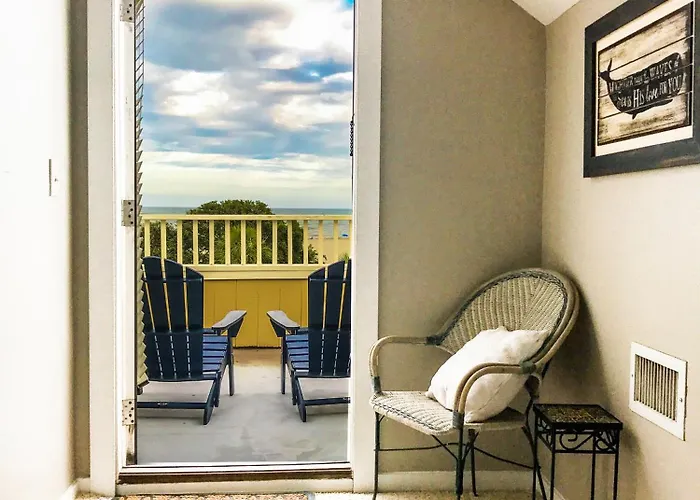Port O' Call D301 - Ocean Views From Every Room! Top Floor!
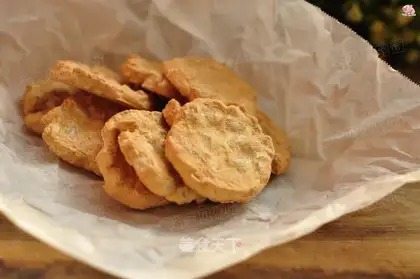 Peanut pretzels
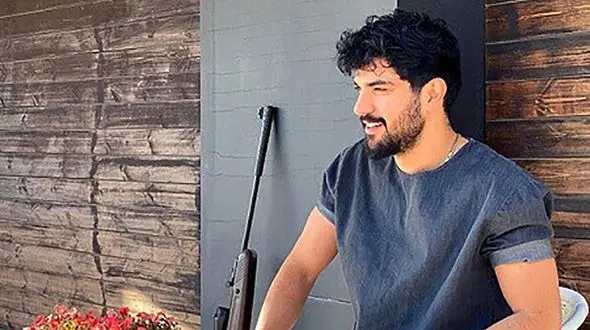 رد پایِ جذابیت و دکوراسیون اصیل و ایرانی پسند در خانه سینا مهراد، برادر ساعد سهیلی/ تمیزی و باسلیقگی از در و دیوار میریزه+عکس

#####

Without including any images, output the data exactly as given.

Port O' Call D301 - Ocean Views From Every Room! Top Floor!
 Peanut pretzels
 رد پایِ جذابیت و دکوراسیون اصیل و ایرانی پسند در خانه سینا مهراد، برادر ساعد سهیلی/ تمیزی و باسلیقگی از در و دیوار میریزه+عکس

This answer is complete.